#### [Brief descriptive captions]
________________________
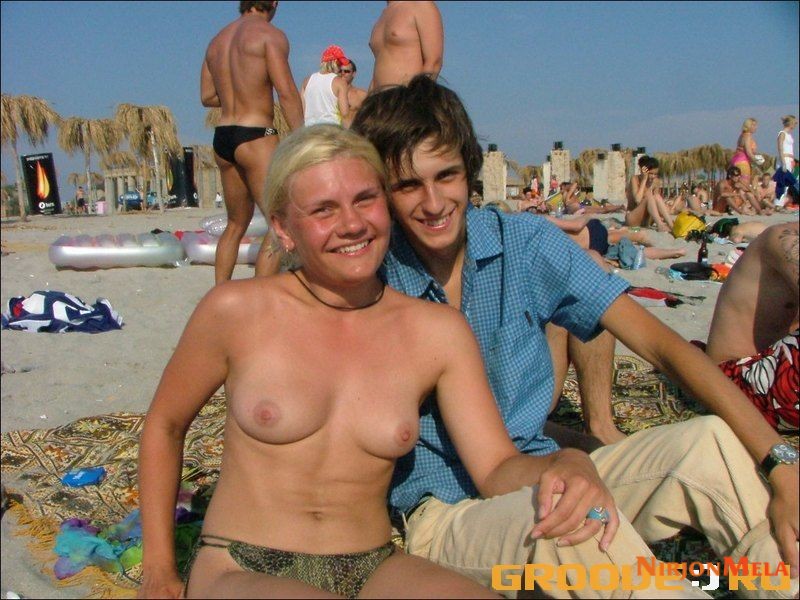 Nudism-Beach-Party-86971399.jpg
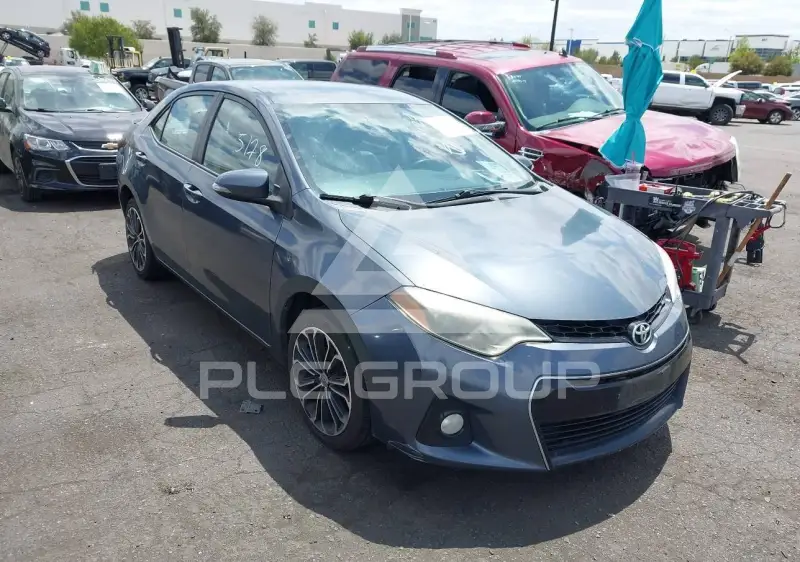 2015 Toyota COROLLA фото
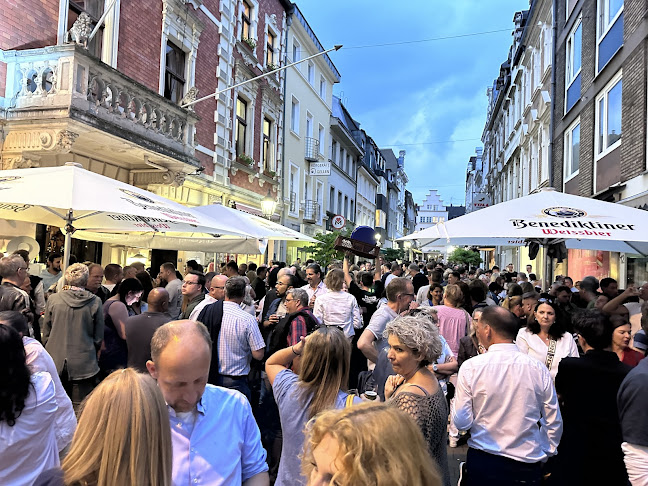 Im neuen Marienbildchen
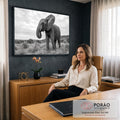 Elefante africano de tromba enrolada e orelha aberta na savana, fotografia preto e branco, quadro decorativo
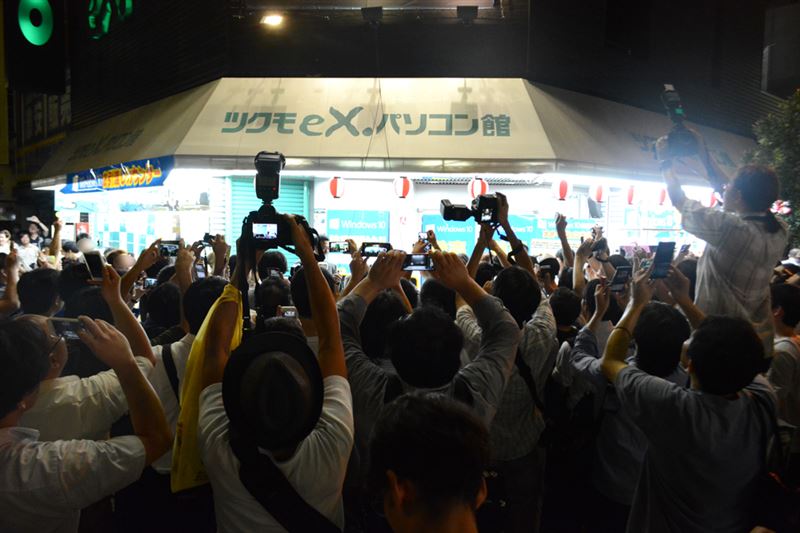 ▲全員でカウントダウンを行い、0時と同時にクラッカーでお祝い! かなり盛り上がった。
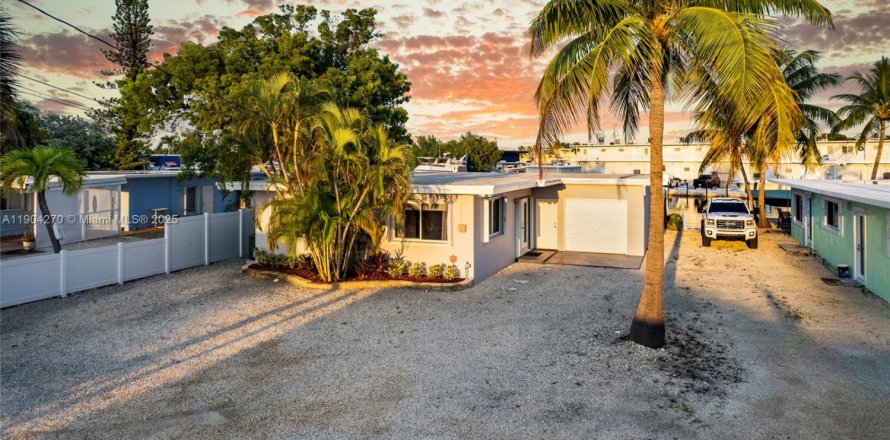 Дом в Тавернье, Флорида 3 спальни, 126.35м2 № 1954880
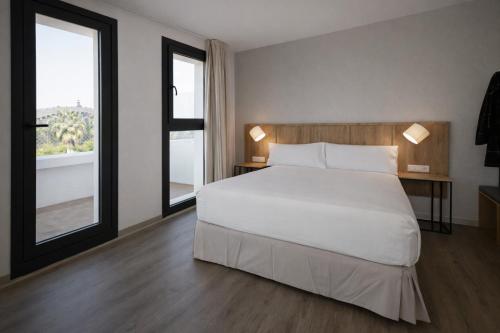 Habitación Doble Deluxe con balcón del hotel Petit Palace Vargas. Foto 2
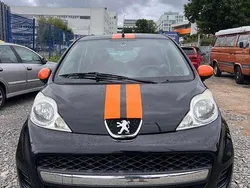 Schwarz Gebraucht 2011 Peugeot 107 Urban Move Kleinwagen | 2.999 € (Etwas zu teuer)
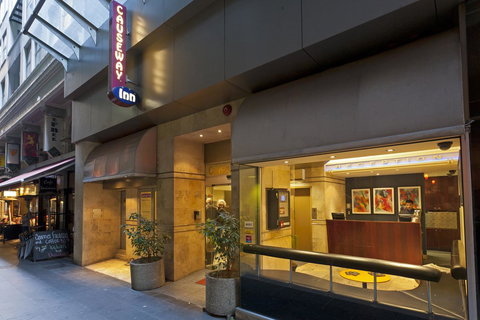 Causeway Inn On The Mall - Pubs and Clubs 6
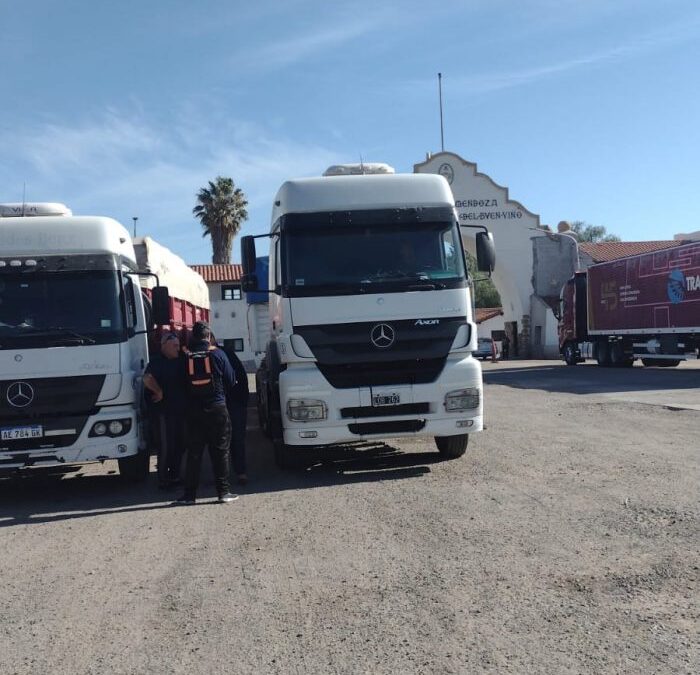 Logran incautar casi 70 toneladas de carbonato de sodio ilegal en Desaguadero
________________________
#### [Directions for this task]
Using the records above, copy exactly and only the lines from the line with "Дом в Тавернье, Флорида" through the end, both included; leave every picture out.

#### [Task response]
 Дом в Тавернье, Флорида 3 спальни, 126.35м2 № 1954880
 Habitación Doble Deluxe con balcón del hotel Petit Palace Vargas. Foto 2
 Schwarz Gebraucht 2011 Peugeot 107 Urban Move Kleinwagen | 2.999 € (Etwas zu teuer)
 Causeway Inn On The Mall - Pubs and Clubs 6
 Logran incautar casi 70 toneladas de carbonato de sodio ilegal en Desaguadero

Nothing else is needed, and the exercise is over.